→ **Try it**: Please repeat, exactly as they stand, the line containing "ROD CAREW BASEBALL" and the lines after it through the final line of the listing below, minus pictures.

(Data)

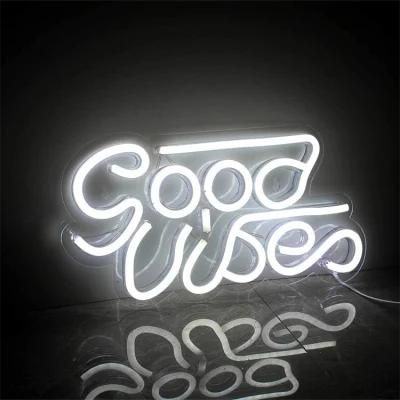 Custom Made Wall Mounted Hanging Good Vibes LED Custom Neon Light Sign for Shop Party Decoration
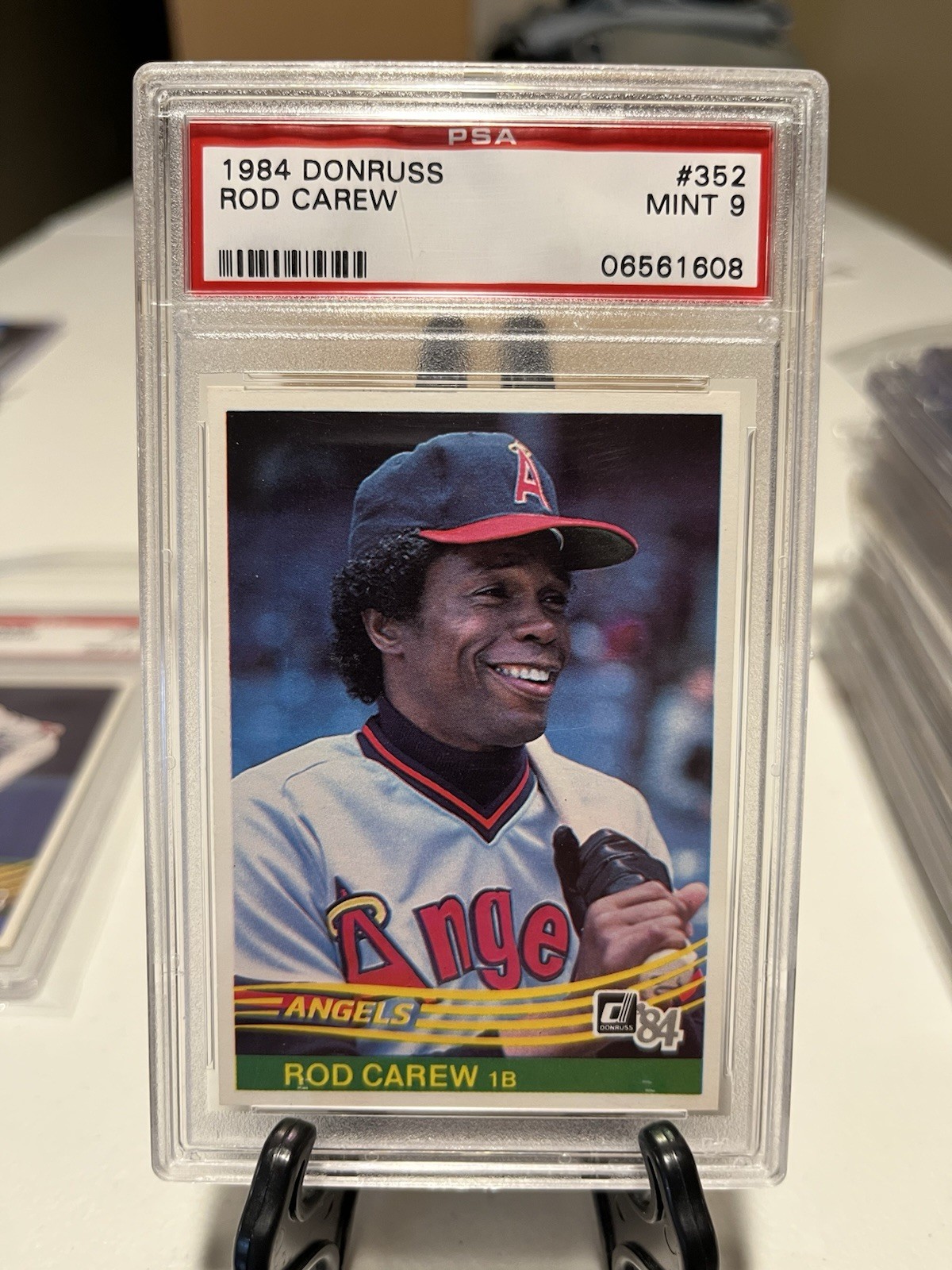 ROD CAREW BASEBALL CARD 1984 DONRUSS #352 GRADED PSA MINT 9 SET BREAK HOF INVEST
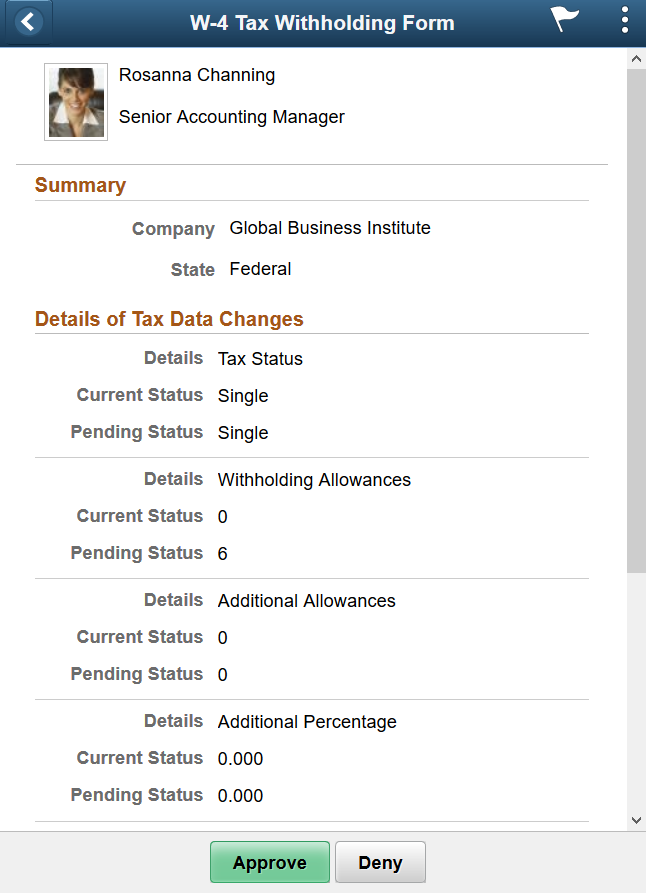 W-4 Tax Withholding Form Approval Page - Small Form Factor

(End Data)

→ **Task result**:
 ROD CAREW BASEBALL CARD 1984 DONRUSS #352 GRADED PSA MINT 9 SET BREAK HOF INVEST
 W-4 Tax Withholding Form Approval Page - Small Form Factor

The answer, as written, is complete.